Some legislators, such as Assemblyman Robert Hertzberg, D-Van Nuys, disagree that Jews and Latinos are at cross purposes politically. Hertzberg points to elected officials such as Los Angeles County Supervisor Gloria Molina, a Latino who drew substantial support from the Jewish community.
"The issues that mean so much to Jews, such as education, resonate with Latinos," Hertzberg said. "I think they see we have a common heritage as immigrants and in places like Boyle Heights, although we don't live and work and socialize together as much as we have in the past."
According to statistics from the Los Angeles County Children's Planning Council, Latinos make up more than one-third of the population of the San Fernando Valley, versus 20 percent of the Westside area (including Santa Monica and West Los Angeles). Most Valley Latinos reside in the area's northeastern region, including San Fernando and Pacoima, while the Valley Jewish population continues its shift westward.
On the economic front, statistics from the recent Jewish Federation demographic study show a median household income of $52,000 for Jewish families, while the median household income for Latinos as of 1990 was just more than $27,000 (according to a county profile). The county profile also shows 53.5 percent of Latinos employed either in sales/clerical positions or as operators or laborers, with about 11 percent employed in the professions; more than half of Los Angeles Jews hold professional occupations.
Then there is the language disparity. For many Latino immigrants, such as Mary Ballesteros of La Opinion newspaper (who moved to the Southland just eight years ago), Spanish remains their primary language. Thus, Jews -- at least those who cannot speak Spanish -- and Latinos find themselves communicating at a basic level, if at all.
A few organizations, such as VOICE (an immigration assistance and citizen education group) and the Valley Interfaith Council (VIC), have long worked at bridging the communication gap between Jews, Latinos and other minorities.
"Jews have successfully transitioned from being outsiders to being leaders in government and business," said Scott Svonkin, a member of the VIC and chair of the Jewish Federation/Valley Alliance Jewish Community Relations Committee (JCRC). "We have a wealth of experience to share, and it is in our best interest as a minority to help the Latino community succeed by forging a genuine partnership with them."
"The relationship [between Jews and Latinos] is relatively new, and it doesn't come from the same place, historically, as black-Jewish relations," said Barbara Creme, director of the Valley JCRC. "We need to approach this from a different perspective and realize it takes time.

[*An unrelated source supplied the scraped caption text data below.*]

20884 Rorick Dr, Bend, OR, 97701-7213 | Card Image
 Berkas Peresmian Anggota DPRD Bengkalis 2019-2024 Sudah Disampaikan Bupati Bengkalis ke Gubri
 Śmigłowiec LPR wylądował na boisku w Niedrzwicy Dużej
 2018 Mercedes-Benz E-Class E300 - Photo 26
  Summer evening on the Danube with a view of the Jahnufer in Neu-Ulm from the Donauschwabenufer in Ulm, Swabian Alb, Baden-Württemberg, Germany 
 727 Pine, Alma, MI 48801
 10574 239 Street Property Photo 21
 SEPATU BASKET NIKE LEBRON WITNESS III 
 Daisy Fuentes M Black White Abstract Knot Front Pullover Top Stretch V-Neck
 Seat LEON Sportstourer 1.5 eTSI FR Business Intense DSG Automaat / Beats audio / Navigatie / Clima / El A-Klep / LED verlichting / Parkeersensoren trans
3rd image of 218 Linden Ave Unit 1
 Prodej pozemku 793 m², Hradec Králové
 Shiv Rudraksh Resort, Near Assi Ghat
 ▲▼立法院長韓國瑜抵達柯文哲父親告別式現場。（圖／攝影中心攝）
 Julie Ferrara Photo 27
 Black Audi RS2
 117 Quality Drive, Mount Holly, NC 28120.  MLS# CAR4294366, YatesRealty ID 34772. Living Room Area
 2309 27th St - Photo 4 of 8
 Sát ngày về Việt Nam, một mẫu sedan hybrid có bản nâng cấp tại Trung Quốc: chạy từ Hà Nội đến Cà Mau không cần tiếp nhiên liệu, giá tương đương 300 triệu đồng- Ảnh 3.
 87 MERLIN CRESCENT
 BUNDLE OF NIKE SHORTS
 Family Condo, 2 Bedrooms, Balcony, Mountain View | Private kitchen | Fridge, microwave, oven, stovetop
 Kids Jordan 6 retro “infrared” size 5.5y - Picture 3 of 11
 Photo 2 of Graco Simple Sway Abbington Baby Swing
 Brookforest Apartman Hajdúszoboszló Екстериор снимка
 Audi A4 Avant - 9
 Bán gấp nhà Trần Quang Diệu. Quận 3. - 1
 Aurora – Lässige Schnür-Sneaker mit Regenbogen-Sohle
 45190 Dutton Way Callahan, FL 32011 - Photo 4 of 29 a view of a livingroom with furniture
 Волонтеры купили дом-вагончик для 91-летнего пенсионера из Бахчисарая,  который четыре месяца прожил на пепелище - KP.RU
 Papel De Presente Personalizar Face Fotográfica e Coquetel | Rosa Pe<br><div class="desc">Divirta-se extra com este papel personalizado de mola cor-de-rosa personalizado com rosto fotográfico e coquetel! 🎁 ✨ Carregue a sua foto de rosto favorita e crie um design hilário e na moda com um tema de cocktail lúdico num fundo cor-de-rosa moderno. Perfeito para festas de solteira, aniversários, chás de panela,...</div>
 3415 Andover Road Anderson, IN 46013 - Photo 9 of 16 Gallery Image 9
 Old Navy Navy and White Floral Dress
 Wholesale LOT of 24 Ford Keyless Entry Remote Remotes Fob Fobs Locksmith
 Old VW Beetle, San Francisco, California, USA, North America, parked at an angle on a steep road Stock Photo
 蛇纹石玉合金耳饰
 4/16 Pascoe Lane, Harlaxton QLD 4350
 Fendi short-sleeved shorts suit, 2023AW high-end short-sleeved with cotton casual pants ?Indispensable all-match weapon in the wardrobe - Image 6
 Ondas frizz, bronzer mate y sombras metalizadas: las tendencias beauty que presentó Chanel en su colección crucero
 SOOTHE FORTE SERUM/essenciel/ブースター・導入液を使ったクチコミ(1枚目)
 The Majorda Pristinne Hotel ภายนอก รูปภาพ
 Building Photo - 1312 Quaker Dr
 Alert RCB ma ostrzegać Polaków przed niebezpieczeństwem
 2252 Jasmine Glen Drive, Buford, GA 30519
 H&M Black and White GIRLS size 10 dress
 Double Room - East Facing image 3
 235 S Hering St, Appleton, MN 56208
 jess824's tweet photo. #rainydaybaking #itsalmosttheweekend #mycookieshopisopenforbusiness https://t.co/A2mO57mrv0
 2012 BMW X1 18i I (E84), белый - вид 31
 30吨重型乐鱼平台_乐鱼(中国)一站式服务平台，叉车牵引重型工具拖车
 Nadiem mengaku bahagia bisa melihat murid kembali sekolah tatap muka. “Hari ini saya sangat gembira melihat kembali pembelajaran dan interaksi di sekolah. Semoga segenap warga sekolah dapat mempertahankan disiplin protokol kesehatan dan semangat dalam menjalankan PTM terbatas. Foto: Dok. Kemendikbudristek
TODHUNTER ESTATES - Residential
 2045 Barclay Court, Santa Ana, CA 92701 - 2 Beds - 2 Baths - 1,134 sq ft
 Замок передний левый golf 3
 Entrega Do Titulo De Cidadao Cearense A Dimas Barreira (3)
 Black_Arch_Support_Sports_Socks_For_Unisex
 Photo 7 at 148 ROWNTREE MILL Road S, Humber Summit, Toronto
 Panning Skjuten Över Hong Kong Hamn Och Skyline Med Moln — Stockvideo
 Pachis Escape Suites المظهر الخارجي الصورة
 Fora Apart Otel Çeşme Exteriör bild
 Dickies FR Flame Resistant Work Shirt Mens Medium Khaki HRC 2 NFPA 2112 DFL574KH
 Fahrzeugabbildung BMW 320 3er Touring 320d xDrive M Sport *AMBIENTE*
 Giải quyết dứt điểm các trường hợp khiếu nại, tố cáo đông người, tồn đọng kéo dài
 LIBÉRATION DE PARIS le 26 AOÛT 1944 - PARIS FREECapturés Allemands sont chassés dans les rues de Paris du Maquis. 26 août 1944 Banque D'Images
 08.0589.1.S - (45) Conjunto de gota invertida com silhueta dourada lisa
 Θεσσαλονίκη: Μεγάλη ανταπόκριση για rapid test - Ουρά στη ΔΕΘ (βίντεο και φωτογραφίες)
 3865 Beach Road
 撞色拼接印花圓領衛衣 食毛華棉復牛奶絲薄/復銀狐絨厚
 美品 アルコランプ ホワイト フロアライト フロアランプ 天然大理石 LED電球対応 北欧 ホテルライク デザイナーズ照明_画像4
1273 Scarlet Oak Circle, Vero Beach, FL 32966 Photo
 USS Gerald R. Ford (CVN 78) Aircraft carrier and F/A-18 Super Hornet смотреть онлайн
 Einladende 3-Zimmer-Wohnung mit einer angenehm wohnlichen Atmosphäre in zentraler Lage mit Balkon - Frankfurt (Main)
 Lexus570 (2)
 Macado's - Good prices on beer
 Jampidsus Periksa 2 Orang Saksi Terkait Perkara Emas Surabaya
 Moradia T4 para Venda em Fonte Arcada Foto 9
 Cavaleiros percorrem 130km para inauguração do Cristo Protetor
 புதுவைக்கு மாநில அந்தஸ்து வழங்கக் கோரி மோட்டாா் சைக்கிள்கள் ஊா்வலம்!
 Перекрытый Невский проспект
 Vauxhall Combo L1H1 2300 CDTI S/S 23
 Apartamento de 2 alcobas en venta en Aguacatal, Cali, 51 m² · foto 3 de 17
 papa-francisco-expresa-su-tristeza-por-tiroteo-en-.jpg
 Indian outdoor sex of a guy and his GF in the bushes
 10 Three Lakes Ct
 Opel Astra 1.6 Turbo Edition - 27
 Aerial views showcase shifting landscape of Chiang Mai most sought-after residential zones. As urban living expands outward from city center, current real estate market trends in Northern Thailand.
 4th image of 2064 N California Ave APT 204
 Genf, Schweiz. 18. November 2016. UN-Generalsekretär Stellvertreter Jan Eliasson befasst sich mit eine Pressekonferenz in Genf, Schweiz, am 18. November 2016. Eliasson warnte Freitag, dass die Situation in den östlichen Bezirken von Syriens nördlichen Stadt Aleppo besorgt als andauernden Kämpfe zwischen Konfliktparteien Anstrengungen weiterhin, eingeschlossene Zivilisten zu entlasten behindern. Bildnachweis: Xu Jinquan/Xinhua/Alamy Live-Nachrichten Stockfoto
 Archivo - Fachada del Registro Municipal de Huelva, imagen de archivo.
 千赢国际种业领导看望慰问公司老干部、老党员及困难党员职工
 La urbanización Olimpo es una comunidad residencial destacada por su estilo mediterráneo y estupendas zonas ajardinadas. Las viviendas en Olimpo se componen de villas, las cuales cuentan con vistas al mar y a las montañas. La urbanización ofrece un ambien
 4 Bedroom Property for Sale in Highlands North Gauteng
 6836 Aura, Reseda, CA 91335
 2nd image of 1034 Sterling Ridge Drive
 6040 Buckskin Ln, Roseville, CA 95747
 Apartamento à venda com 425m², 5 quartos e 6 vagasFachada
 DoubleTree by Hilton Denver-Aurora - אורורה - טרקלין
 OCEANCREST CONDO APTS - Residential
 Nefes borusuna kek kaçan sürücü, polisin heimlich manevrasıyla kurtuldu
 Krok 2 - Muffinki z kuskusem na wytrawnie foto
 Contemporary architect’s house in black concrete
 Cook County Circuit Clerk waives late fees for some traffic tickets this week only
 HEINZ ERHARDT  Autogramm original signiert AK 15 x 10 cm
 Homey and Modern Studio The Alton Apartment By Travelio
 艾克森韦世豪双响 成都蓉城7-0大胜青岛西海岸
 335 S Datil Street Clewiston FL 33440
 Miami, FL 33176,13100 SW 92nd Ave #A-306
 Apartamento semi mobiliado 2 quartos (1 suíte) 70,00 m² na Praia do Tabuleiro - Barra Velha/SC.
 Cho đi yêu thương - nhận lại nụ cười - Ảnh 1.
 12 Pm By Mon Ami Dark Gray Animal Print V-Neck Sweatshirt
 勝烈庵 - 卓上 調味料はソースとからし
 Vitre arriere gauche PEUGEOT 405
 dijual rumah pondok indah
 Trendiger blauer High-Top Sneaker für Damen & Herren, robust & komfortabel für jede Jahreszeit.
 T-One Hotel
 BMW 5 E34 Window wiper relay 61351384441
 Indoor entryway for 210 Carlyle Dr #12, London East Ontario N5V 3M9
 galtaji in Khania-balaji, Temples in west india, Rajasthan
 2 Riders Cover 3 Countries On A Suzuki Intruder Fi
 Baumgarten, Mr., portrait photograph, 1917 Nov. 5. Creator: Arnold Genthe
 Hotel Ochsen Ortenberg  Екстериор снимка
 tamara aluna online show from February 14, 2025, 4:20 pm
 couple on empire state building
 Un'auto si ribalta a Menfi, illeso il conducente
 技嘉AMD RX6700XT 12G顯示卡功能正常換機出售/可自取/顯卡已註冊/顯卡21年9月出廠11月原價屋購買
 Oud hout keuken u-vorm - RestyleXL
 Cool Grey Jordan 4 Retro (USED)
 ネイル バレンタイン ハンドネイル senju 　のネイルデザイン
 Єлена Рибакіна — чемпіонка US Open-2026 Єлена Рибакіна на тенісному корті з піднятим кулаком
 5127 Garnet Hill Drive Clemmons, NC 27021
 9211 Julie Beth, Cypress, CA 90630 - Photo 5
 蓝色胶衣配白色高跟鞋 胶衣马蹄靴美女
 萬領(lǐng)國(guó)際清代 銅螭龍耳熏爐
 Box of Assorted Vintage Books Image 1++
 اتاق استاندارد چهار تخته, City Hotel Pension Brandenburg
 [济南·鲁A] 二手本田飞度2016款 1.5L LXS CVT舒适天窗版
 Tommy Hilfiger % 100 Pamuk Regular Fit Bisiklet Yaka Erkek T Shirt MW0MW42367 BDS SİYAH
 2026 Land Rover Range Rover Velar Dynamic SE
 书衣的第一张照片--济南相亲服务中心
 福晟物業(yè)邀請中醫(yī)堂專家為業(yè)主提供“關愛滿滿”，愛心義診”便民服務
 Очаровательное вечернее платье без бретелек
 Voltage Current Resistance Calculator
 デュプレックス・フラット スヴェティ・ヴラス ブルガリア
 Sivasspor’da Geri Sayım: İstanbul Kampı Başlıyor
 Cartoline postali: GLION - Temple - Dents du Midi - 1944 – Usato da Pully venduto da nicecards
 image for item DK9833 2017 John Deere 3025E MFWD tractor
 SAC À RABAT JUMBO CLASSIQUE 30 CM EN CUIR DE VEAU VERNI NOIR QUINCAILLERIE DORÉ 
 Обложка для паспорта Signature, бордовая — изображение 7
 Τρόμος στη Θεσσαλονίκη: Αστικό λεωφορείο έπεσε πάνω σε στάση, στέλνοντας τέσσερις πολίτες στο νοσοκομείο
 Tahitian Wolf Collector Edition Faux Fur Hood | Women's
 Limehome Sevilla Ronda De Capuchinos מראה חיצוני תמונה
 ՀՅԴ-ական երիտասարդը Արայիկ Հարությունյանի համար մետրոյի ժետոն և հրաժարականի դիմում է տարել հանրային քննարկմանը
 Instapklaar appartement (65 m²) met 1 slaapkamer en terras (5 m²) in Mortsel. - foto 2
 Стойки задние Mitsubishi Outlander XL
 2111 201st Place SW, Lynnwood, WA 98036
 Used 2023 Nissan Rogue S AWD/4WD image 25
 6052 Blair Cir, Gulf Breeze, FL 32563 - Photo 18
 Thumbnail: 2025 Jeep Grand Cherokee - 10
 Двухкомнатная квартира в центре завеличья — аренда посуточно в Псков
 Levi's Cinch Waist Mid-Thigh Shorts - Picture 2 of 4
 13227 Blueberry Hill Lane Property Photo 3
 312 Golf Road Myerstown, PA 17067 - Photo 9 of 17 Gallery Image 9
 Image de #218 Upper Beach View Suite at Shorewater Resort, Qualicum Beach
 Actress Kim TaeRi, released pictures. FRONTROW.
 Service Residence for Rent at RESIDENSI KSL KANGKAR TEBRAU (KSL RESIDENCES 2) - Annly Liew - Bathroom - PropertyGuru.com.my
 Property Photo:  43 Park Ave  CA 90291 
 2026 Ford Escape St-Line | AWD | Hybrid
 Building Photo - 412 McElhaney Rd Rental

The black-Jewish relationship took time to evolve, too, and I think the biggest problem we face is people's lack of patience."
To help develop and nurture the Jewish-Latino relationship, Creme last year created the Hispanic Jewish Women's Task Force with the assistance of Margaret Pontius, community services coordinator of the Guadalupe Center in Canoga Park; Virginia Rafelson of Los Angeles BASE (Basic Adult Spanish Education); and Rayna Gabin, field deputy for City Councilwoman Laura Chick.
Pontius, who supervises a wide range of social-service programs at the Guadalupe Center, said that she found it interesting to compare the different perceptions each group has of the other.
"In the Hispanic community, everything depends on class; they tend to see everyone who is not black or Hispanic as rich and, therefore, don't want to have anything to do with us," she said. "I don't think Jews have an accurate picture, either; they think all Latinos are like their cleaning lady, that they don't have degrees or are professionals, they don't care about their kids going to good schools or about art or travel. Both sides tend to lump people together unfairly.
"This group [the task force] has been a real eye-opener for all of us. After a time, each side sees we have the same problems with teen-agers or aging parents or even domestic violence. At that point, it begins to be about women sharing, not Jewish women or Hispanic women or Asian women, but just women."